Après avoir travaillé sur une tâche avec les élèves, l’enseignant peut leur donner des tâches similaires. Les élèves peuvent alors mettre en pratique ce qu’ils savent ou peuvent faire. C’est la pratique indépendante.


4 : Le retour d’information


Ce principe recouvre tout ce qui est de l’ordre de la vérification de la compréhension, de l’évaluation formative et de la rétroaction.

L’enseignant est susceptible de fournir en fonction des besoins identifiés chez ses élèves, des informations correctives ou des suggestions de tâches spécifiques pour que ils puissent les appliquer afin d'améliorer leur succès lors de la prochaine tâche.


5 : La pratique indépendante guidée 


L’enseignant fournit à ses élèves une tâche plus complexe qu’ils vont effectuer seuls. Celle-ci peut impliquer plus d’une voie de résolution possible.

Les conseils de l’enseignant sont minimes, mais toujours disponibles. Il peut par exemple rappeler aux élèves les étapes probables à suivre ou de fournir un indice lorsque des élèves sont bloqués.



Données probantes ? 


À l’heure actuelle, Andrew J. Martin a mené deux premières études sur l’enseignement de la réduction de la charge (LRI) en classe. Même s’il est trop tôt pour conclure de la validité générale et de l’efficacité du de l'approche, celles-ci paraissent prometteuses :

  • La première étude a porté sur 393 élèves du secondaire dans 40 classes de mathématiques. Il a été constaté que plus l’enseignant mettait en place un enseignement de réduction de la charge, plus les niveaux de motivation, d’engagement, de dynamisme et de réussite scolaire de ses élèves étaient élevés.
  • Dans une deuxième étude, des élèves de plus de 150 classes de sciences qui ont utilisé les cinq principes. Les analyses ont révélé que les élèves qui ont reçu un enseignement basé sur les principes de réduction de la charge avaient un niveau d’engagement plus élevé dans les sciences. Cela s’accompagnait d’un niveau de réussite plus élevé en sciences.



Conclusion


Si on observe les quatre premiers principes de l’enseignement de la réduction de la charge (LRI), ils s’appuient complètement sur un enseignement explicite traditionnel.

Ensuite, à mesure que les compétences et les connaissances de base se développent, le cinquième principe est mis en avant : la résolution des problèmes.
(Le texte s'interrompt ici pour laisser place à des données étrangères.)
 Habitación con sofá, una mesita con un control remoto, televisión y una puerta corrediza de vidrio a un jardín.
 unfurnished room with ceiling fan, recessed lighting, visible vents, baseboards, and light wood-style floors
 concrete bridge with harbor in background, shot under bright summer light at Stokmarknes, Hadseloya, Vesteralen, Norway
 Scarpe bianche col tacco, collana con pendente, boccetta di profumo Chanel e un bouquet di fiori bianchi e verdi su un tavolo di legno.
En ce sens l’approche LRI permet de compléter une zone moins définie de la pédagogie explicite telle que définie par Barak Rosenhine.

Cette zone floue est peu perceptible au niveau de l’enseignement primaire. Elle commence à se faire sentir au fur et à mesure que l’on avance dans le secondaire. C’est particulièrement vrai dans les cours de mathématiques ou de sciences en fin de secondaire. Cela peut s’y traduire par un peu de résistance de la part de certains enseignants.
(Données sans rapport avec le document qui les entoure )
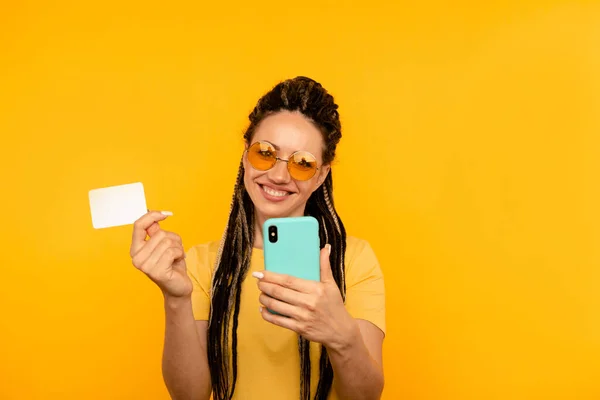 Happy woman in the yellow T-shirt holding credit card with mobile.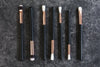 makeup brushes in a line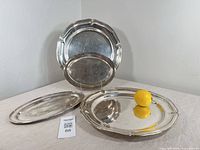 Group shot of all four silver-plate trays front and back for overall view and scale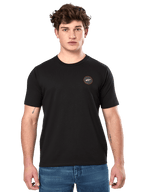 Alpinestars Dot Carbon CSF Tee, maglietta a maniche corte, nero, piccolo logo circolare sul petto con Astar bianca e bordo rosso, indossata da un modello con jeans blu, streetwear casual motorsport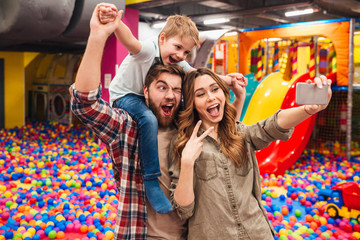 Cheerful little child have fun with his parents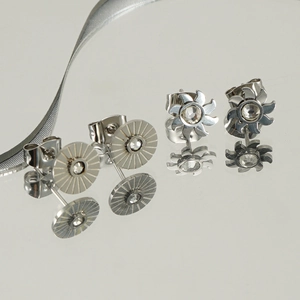 Minimalist stainless steel stud earrings with star and flower designs on mirror reflection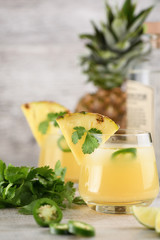 Tequila with pineapple and jalapeno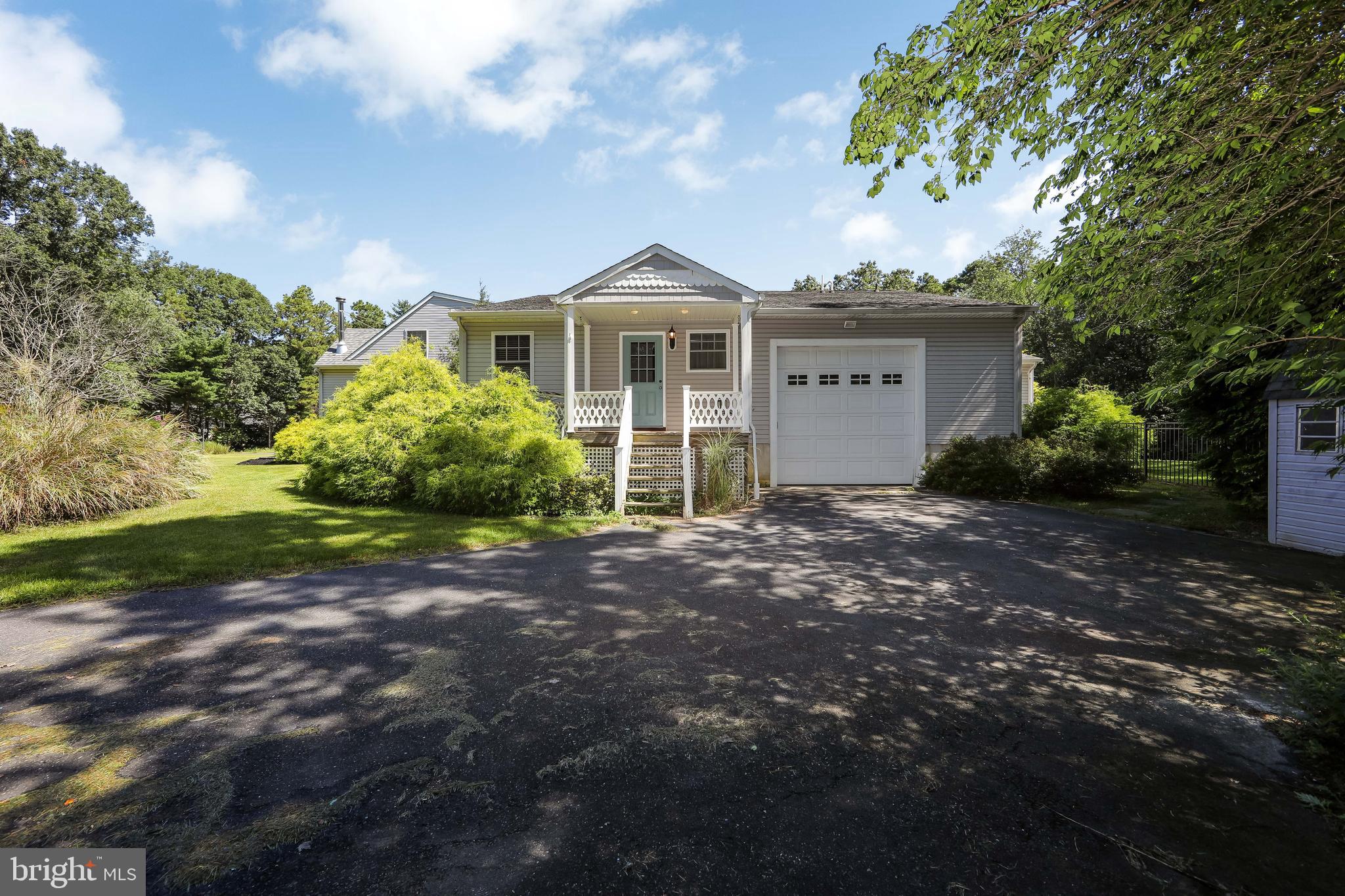 27 Wicklow Drive Tabernacle, NJ 08088 - Photo 3 of 65 a front view of a house with garden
L’atout potentiel de l’approche LRI est de concilier l’approche éprouvée de l’enseignement explicite et la confrontation à la résolution de problème ou à la réalisation de tâches complexes.
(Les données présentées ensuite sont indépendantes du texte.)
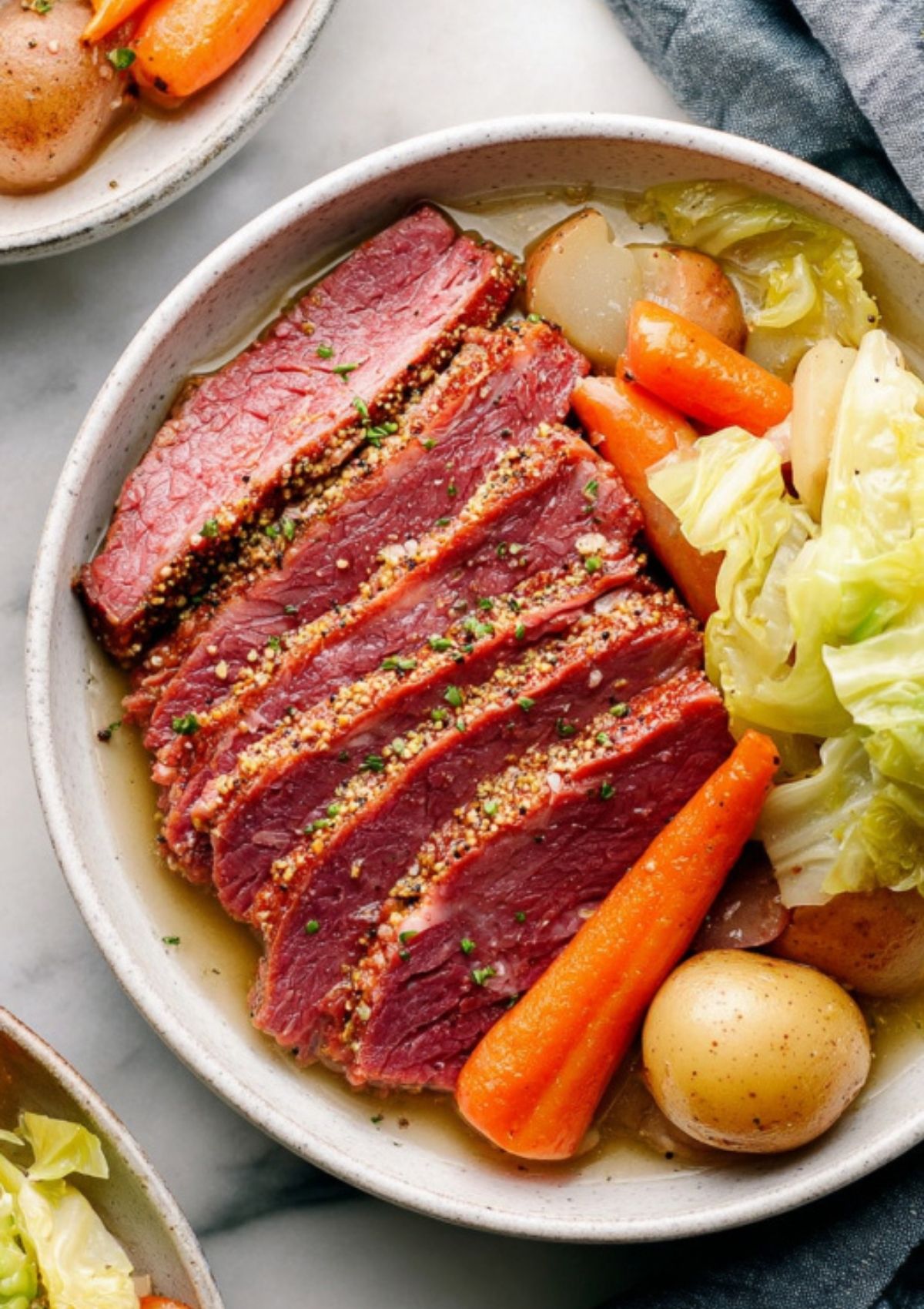 Sliced corned beef on a plate with cooked cabbage, carrots, and potatoes, a classic St. Patrick’s Day meal.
Un enseignement explicite est d’abord utilisé pour alléger la charge de travail des élèves pendant qu’ils développent savoir, savoir-faire et compétences spécifiques. Ensuite, lorsqu’une certaine expertise s’est développée, les élèves passent à une découverte guidée afin d’entretenir leur capacité à résoudre les problèmes de manière à se confronter aux spécificités du domaine concerné.

Bibliographie


Andrew J. Martin, Kids learn best when you add a problem-solving boost to “back-to-basics” instruction, 2020, https://theconversation.com/kids-learn-best-when-you-add-a-problem-solving-boost-to-back-to-basics-instruction-129008

Andre J. Martin, Using load reduction instruction (LRI) to boost motivation and engagement. Leicester: British Psychological Society.